(The task) Tell me how many lines in the entries below contain the word "Free"; reply with the number and nothing else.

START Task data

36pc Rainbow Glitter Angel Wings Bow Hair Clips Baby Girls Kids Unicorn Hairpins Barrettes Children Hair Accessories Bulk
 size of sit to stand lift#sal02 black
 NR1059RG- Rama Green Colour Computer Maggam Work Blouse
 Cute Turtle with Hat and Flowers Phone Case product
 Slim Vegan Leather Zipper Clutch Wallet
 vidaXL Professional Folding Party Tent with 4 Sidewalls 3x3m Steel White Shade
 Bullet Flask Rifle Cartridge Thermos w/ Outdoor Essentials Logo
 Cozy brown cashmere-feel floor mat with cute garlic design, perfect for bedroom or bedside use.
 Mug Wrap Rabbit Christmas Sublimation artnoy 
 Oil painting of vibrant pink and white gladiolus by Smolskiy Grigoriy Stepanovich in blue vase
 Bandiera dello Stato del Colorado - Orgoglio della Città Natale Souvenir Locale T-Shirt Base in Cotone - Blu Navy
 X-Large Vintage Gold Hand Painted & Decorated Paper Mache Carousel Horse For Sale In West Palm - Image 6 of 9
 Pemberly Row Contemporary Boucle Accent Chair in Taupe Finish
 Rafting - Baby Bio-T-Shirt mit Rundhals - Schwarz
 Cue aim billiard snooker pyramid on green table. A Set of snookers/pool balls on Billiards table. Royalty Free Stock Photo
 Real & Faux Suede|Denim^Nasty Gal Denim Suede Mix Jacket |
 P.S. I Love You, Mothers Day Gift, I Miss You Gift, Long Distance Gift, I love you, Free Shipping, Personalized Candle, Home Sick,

END Task data

(Result for this exercise) 2